Retype the whole listing below precisely.

Material for this exercise.
===============

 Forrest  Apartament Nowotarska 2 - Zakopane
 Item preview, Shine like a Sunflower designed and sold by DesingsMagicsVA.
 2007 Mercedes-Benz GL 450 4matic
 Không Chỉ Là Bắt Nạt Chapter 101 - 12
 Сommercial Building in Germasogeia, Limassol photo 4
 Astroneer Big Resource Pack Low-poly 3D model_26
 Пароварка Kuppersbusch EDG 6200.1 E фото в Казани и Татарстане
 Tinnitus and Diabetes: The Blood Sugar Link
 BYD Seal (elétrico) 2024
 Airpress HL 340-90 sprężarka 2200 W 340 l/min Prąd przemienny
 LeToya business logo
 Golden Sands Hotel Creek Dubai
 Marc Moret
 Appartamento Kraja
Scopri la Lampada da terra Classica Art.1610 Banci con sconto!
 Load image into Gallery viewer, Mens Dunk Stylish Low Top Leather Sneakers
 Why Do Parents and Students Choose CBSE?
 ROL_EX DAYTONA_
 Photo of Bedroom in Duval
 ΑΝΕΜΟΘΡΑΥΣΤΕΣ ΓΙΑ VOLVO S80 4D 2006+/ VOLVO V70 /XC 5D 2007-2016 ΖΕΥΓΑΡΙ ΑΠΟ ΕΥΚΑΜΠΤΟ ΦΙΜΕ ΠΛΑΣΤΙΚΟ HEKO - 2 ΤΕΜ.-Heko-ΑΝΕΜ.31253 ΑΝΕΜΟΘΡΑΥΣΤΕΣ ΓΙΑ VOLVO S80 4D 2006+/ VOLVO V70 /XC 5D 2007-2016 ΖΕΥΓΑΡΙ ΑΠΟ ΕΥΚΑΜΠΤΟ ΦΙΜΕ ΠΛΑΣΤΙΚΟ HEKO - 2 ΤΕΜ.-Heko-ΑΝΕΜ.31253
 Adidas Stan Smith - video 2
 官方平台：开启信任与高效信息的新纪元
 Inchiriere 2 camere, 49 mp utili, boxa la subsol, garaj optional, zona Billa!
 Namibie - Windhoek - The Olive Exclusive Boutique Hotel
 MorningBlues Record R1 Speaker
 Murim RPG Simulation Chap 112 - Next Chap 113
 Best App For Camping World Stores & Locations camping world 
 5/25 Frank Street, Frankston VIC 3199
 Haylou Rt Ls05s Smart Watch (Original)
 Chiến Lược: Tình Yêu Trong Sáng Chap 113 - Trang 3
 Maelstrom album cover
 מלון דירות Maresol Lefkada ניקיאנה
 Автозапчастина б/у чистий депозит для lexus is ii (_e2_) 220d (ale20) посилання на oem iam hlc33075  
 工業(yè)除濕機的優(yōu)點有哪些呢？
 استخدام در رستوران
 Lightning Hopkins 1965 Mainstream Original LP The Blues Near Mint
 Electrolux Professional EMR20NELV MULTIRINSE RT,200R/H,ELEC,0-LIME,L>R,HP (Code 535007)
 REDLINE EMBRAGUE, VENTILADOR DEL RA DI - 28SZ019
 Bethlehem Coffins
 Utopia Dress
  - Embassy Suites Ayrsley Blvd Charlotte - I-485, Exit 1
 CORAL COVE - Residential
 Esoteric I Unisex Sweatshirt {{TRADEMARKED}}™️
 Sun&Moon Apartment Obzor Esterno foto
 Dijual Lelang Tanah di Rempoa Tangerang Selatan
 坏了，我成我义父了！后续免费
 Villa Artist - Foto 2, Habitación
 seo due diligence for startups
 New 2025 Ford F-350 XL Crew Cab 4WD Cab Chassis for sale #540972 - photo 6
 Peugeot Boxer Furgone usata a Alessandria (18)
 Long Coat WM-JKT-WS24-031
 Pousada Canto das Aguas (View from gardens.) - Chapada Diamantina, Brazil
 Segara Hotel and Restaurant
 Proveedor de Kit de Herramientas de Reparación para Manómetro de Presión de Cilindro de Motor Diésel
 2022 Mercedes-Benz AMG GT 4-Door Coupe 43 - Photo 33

===============

Response to this task.
 Forrest  Apartament Nowotarska 2 - Zakopane
 Item preview, Shine like a Sunflower designed and sold by DesingsMagicsVA.
 2007 Mercedes-Benz GL 450 4matic
 Không Chỉ Là Bắt Nạt Chapter 101 - 12
 Сommercial Building in Germasogeia, Limassol photo 4
 Astroneer Big Resource Pack Low-poly 3D model_26
 Пароварка Kuppersbusch EDG 6200.1 E фото в Казани и Татарстане
 Tinnitus and Diabetes: The Blood Sugar Link
 BYD Seal (elétrico) 2024
 Airpress HL 340-90 sprężarka 2200 W 340 l/min Prąd przemienny
 LeToya business logo
 Golden Sands Hotel Creek Dubai
 Marc Moret
 Appartamento Kraja
Scopri la Lampada da terra Classica Art.1610 Banci con sconto!
 Load image into Gallery viewer, Mens Dunk Stylish Low Top Leather Sneakers
 Why Do Parents and Students Choose CBSE?
 ROL_EX DAYTONA_
 Photo of Bedroom in Duval
 ΑΝΕΜΟΘΡΑΥΣΤΕΣ ΓΙΑ VOLVO S80 4D 2006+/ VOLVO V70 /XC 5D 2007-2016 ΖΕΥΓΑΡΙ ΑΠΟ ΕΥΚΑΜΠΤΟ ΦΙΜΕ ΠΛΑΣΤΙΚΟ HEKO - 2 ΤΕΜ.-Heko-ΑΝΕΜ.31253 ΑΝΕΜΟΘΡΑΥΣΤΕΣ ΓΙΑ VOLVO S80 4D 2006+/ VOLVO V70 /XC 5D 2007-2016 ΖΕΥΓΑΡΙ ΑΠΟ ΕΥΚΑΜΠΤΟ ΦΙΜΕ ΠΛΑΣΤΙΚΟ HEKO - 2 ΤΕΜ.-Heko-ΑΝΕΜ.31253
 Adidas Stan Smith - video 2
 官方平台：开启信任与高效信息的新纪元
 Inchiriere 2 camere, 49 mp utili, boxa la subsol, garaj optional, zona Billa!
 Namibie - Windhoek - The Olive Exclusive Boutique Hotel
 MorningBlues Record R1 Speaker
 Murim RPG Simulation Chap 112 - Next Chap 113
 Best App For Camping World Stores & Locations camping world 
 5/25 Frank Street, Frankston VIC 3199
 Haylou Rt Ls05s Smart Watch (Original)
 Chiến Lược: Tình Yêu Trong Sáng Chap 113 - Trang 3
 Maelstrom album cover
 מלון דירות Maresol Lefkada ניקיאנה
 Автозапчастина б/у чистий депозит для lexus is ii (_e2_) 220d (ale20) посилання на oem iam hlc33075  
 工業(yè)除濕機的優(yōu)點有哪些呢？
 استخدام در رستوران
 Lightning Hopkins 1965 Mainstream Original LP The Blues Near Mint
 Electrolux Professional EMR20NELV MULTIRINSE RT,200R/H,ELEC,0-LIME,L>R,HP (Code 535007)
 REDLINE EMBRAGUE, VENTILADOR DEL RA DI - 28SZ019
 Bethlehem Coffins
 Utopia Dress
  - Embassy Suites Ayrsley Blvd Charlotte - I-485, Exit 1
 CORAL COVE - Residential
 Esoteric I Unisex Sweatshirt {{TRADEMARKED}}™️
 Sun&Moon Apartment Obzor Esterno foto
 Dijual Lelang Tanah di Rempoa Tangerang Selatan
 坏了，我成我义父了！后续免费
 Villa Artist - Foto 2, Habitación
 seo due diligence for startups
 New 2025 Ford F-350 XL Crew Cab 4WD Cab Chassis for sale #540972 - photo 6
 Peugeot Boxer Furgone usata a Alessandria (18)
 Long Coat WM-JKT-WS24-031
 Pousada Canto das Aguas (View from gardens.) - Chapada Diamantina, Brazil
 Segara Hotel and Restaurant
 Proveedor de Kit de Herramientas de Reparación para Manómetro de Presión de Cilindro de Motor Diésel
 2022 Mercedes-Benz AMG GT 4-Door Coupe 43 - Photo 33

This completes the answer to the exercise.